> [Recorded information]:
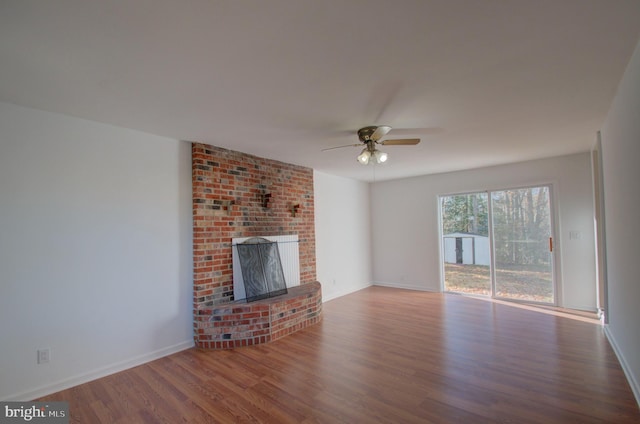 unfurnished living room with ceiling fan, wood-type flooring, and a brick fireplace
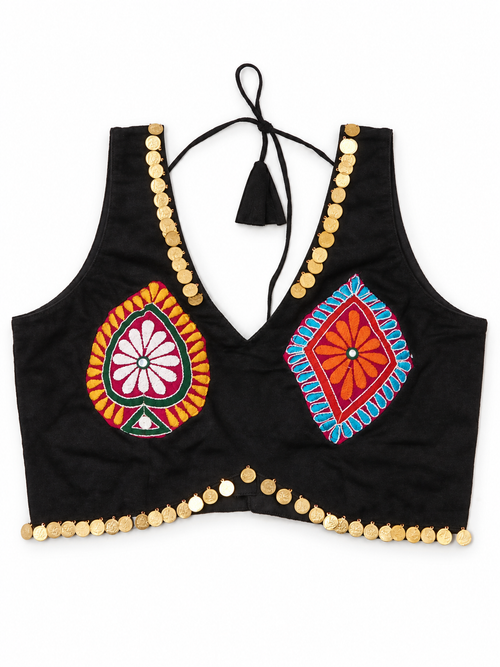 Front view of black sleeveless blouse with colourful motifs and gold coin trim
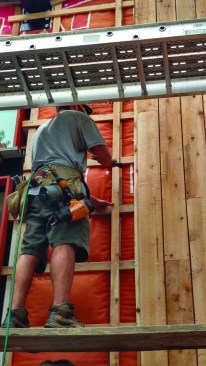 For a reverse board-and-batten cladding, the thin battens arenailed onto the wall first.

> [Directions for this task]: Return each line above word for word. Skip the pictures.

> [Solution to this exercise]:
 unfurnished living room with ceiling fan, wood-type flooring, and a brick fireplace
 Front view of black sleeveless blouse with colourful motifs and gold coin trim
 For a reverse board-and-batten cladding, the thin battens arenailed onto the wall first.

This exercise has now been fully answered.